## WHAT TO DO
Everything from the line holding "Team TK Crew" through the last line of the data, and nothing else, should be retyped exactly, with no pictures.

## MATERIAL PROVIDED
%%

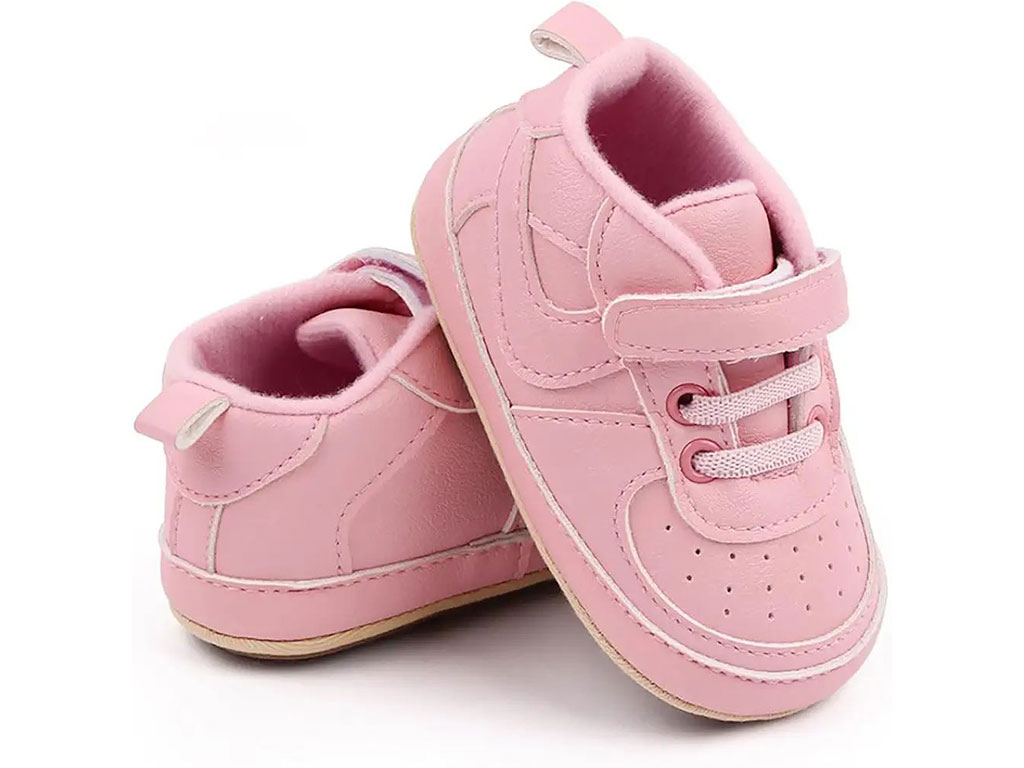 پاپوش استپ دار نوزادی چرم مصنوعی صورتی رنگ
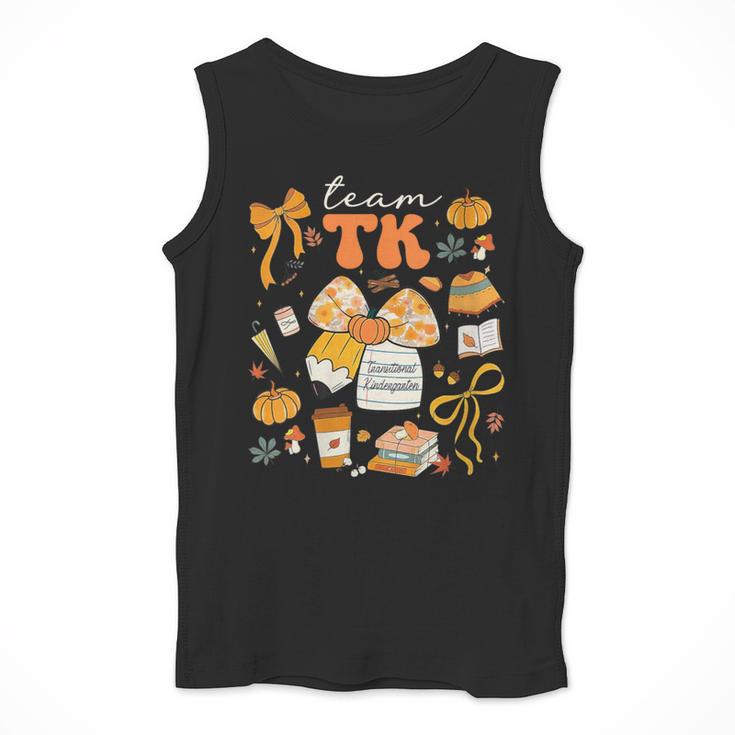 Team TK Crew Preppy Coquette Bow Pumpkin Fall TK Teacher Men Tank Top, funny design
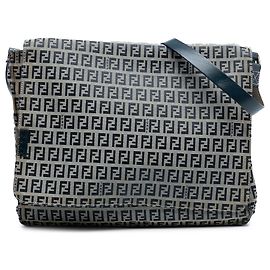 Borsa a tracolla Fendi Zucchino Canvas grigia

%%

## YOUR SOLUTION
 Team TK Crew Preppy Coquette Bow Pumpkin Fall TK Teacher Men Tank Top, funny design
 Borsa a tracolla Fendi Zucchino Canvas grigia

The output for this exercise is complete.